The ex-Woods man's third is an all-consuming combination of wild imagination and luxurious musical backing

Welcome to ‘Singing Saw’, a surreal world of death, love and murder populated by vultures, coyotes and one wandering man on the verge of losing his mind. That man is Kevin Morby, a 28-year-old folk singer from Kansas City whose world-weary tales ooze the influence of Bob Dylan and Lou Reed. The setting is Mount Washington, a lush, green hillside neighbourhood above Los Angeles where Morby settled after leaving New York – and his previous bands Woods and The Babies – behind in 2013. Using twilight walks into the mountains as inspiration and the shabby house he shares with his girlfriend, his guitars and an old piano as his base, Morby cooked up a glorious third album.

It begins with ‘Cut Me Down’, a story about slaying built on the sinister whirr of the instrument the album is named after (a hand saw played with a bow), plucked acoustic and smooth bass. “So why not do it now/ And cut me down,” Morby sings, vividly describing a tearful protagonist about to breathe his last as vultures circle overhead. In contrast, the death that inspired second track, ‘I Have Been To The Mountain’, is real. Framing the story of Eric Garner – the African-American man choked to death by New York police in July 2014 – in Mount Washington’s idyllic landscape, it evokes The Clash’s rootsiness. As Morby deadpans “That man lived in this town/ ‘Til that pig took him down”, we’re in powerful protest song territory.

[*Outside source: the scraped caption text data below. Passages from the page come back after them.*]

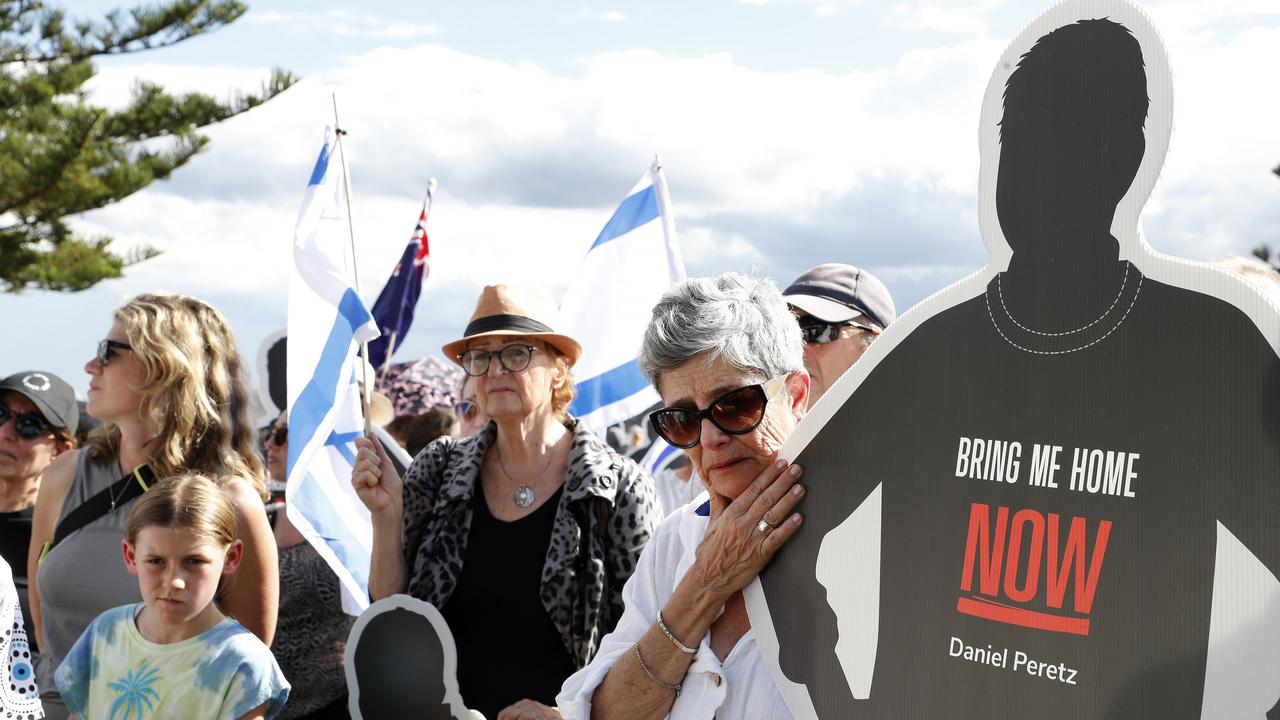 Robyn Shatenstein who’s cousin, Daniel Peretz a tank commander was captured by Hamas, at a Jewish event at Bondi Beach being held by family and friends of hostages held by Hamas. Picture: Jonathan Ng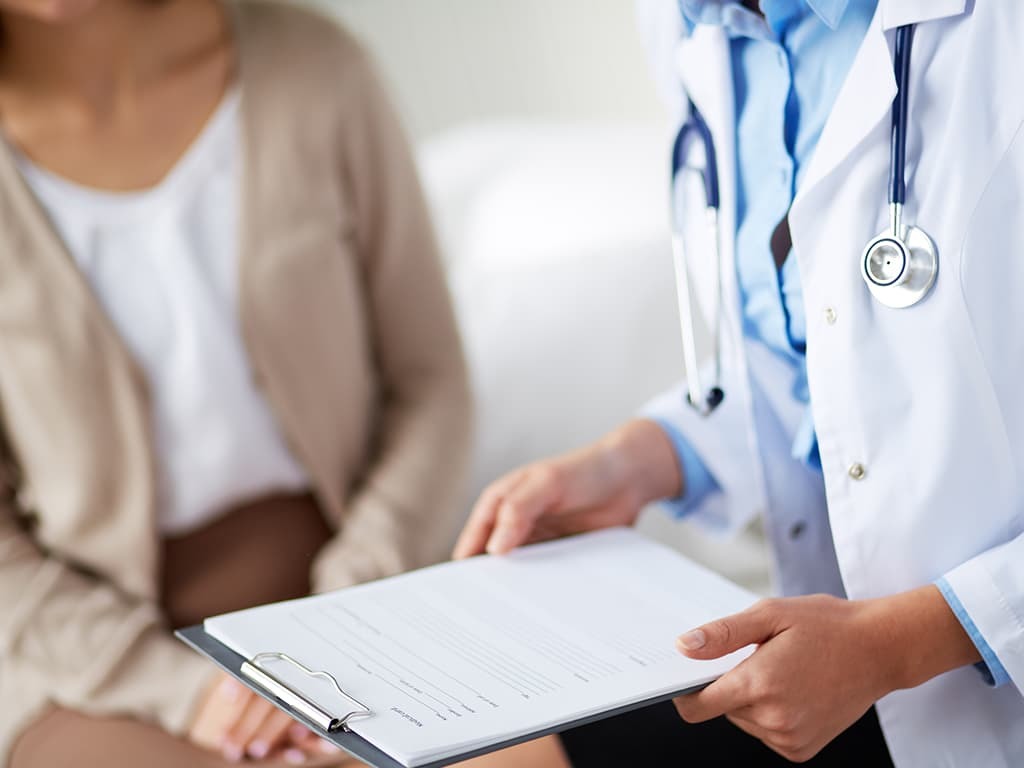 Doctor looking at ALS Functional Rating Scale results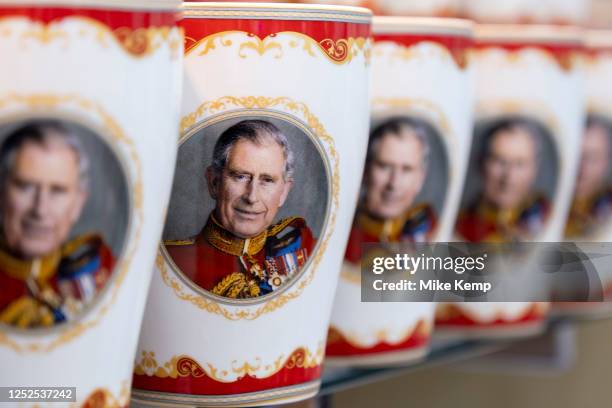 King Charles III Coronation merchandise on sale in a souvenir shop on 20th April 2023 in London, United Kingdom. King Charles II will be crowned King...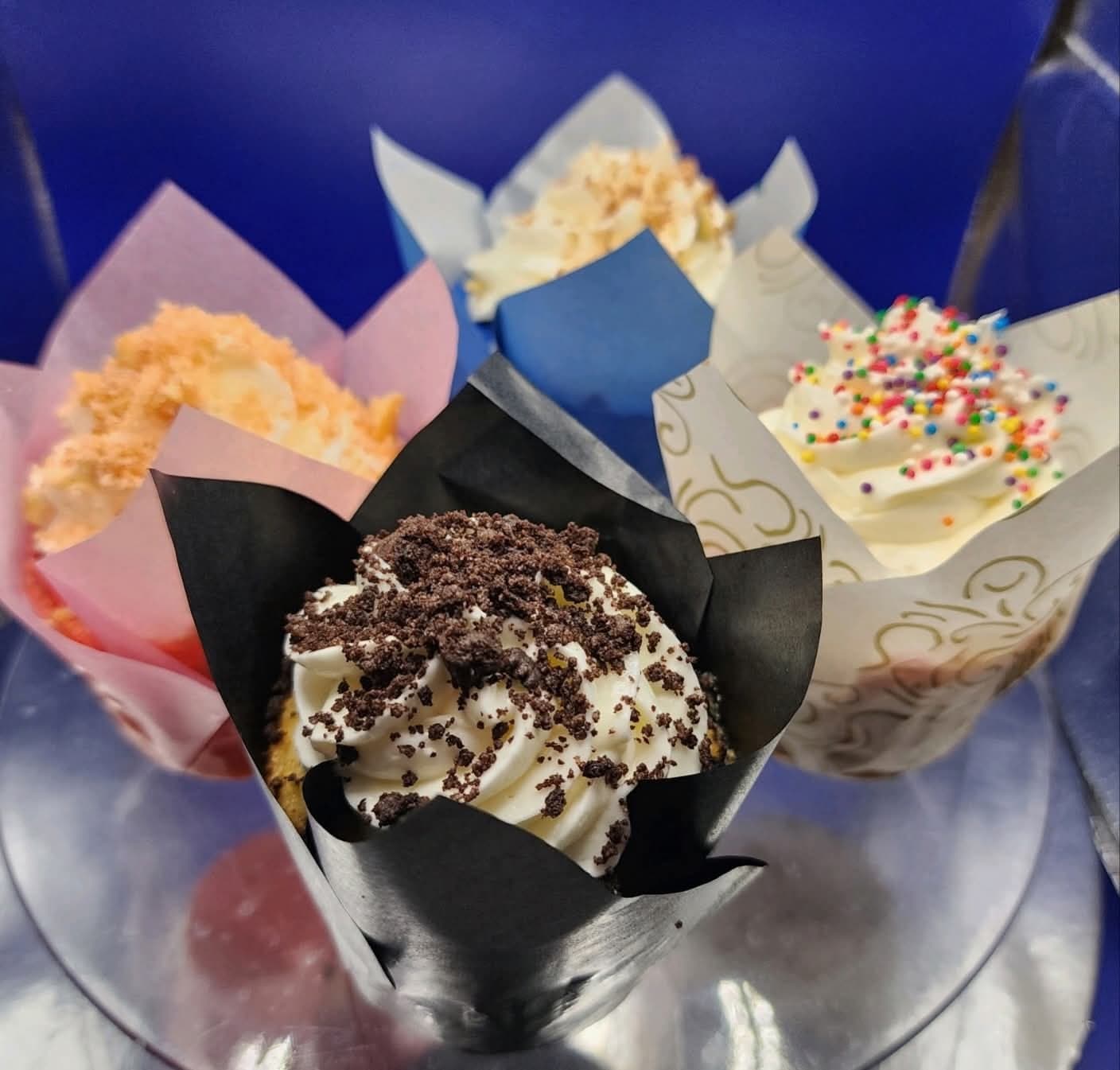 Close-up of four gourmet cupcakes from Cupcake City 813 topped with cookie crumbles and sprinkles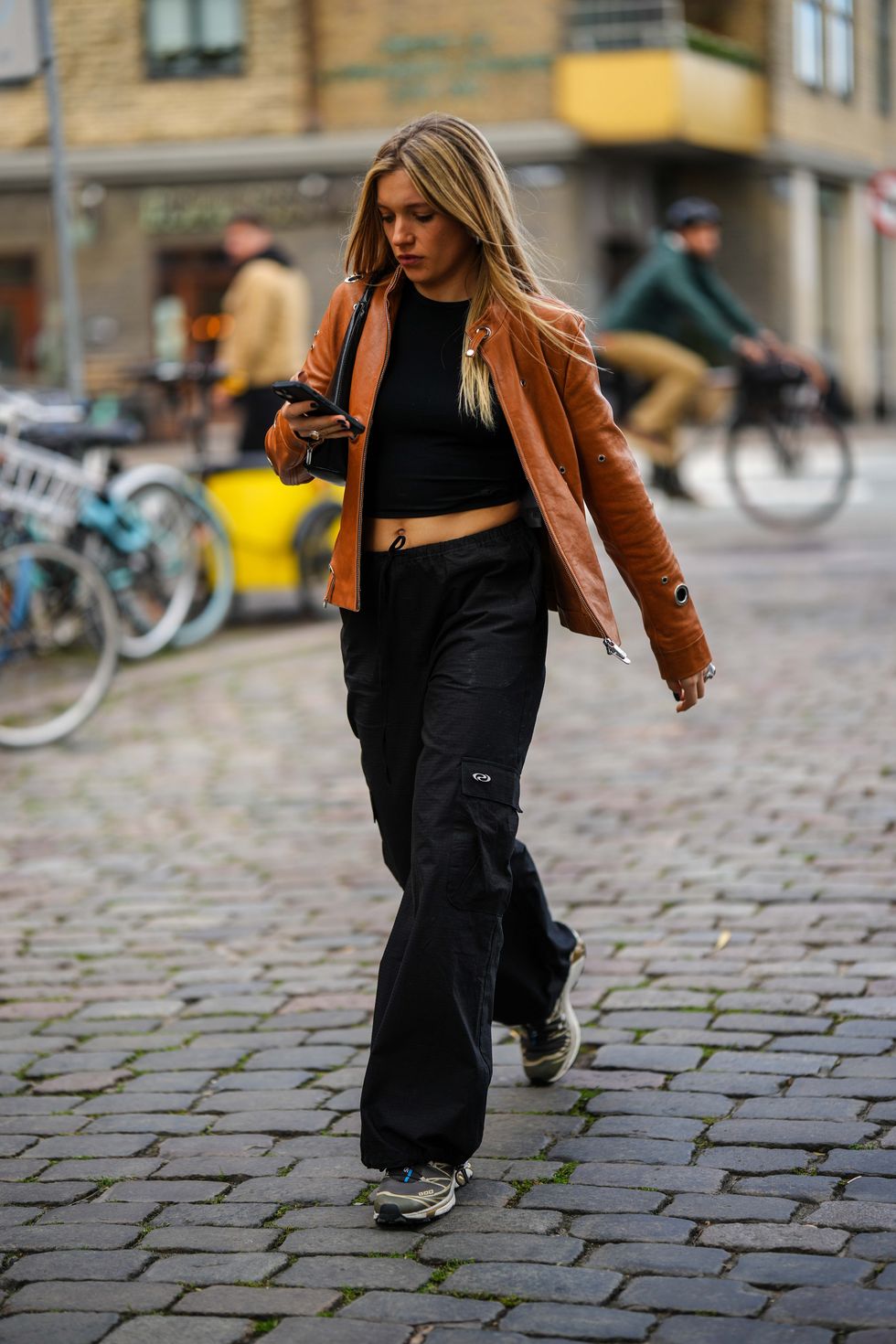 copenhagen, denmark august 08 a guest wears a black shiny leather shoulder bag, a black cropped top, a camel shiny leather zipper jacket, black cargo pants, gray sneakers from salomon , outside remain, during the copenhagen fashion week springsummer 2024 on august 08, 2023 in copenhagen, denmark photo by edward berthelotgetty images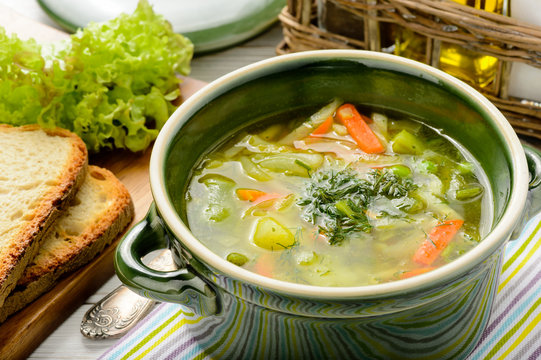 Spring vegetable soup in green bowl.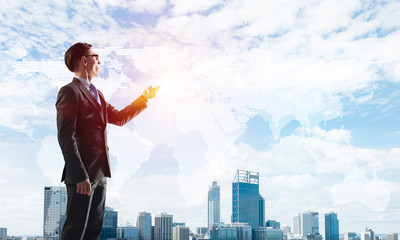 Concept of business success and control with confident boss against cityscape background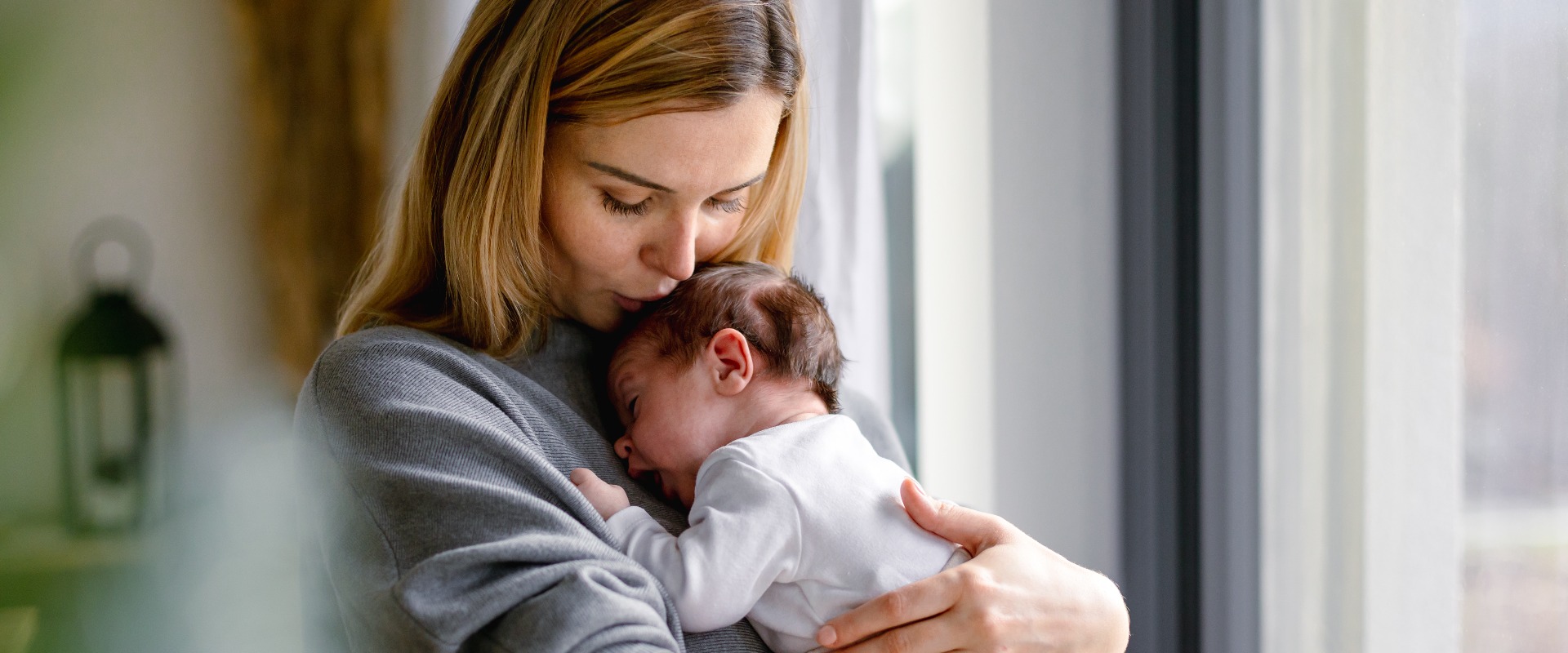 Eine liebevolle Mutter umarmt ihr kleines Baby zu Hause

After that, fantasy takes over: fuzzy piano stomper ‘Dorothy’ finds Morby serenading his guitar, ‘Water’ has him on his death bed and stormy ballad ‘Black Flowers’ references “winged horses”. But the seven-minute title track is the best distillation of what this album is: namely, an all-consuming combination of wild imagination and luxurious musical backing. More perfectly-judged bass (seriously, this record grooves hard) provides a platform for guitar, musical saw and child-like female backing vocals to spook you out. Meanwhile, a damaged-sounding Morby recounts one of his night-time strolls: “Big moon above me/ Old coyote, laughing at me”.

He sounds similarly out of it on the dreamy-as-hell pair ‘Drunk And On A Star’ (“I’ve gone dizzy, like a ship/ When that water comes into it”) and ‘Ferris Wheel’ (“Well I lose my mind, sometimes”). By the end of this sublime record, you’ll have lost yours too.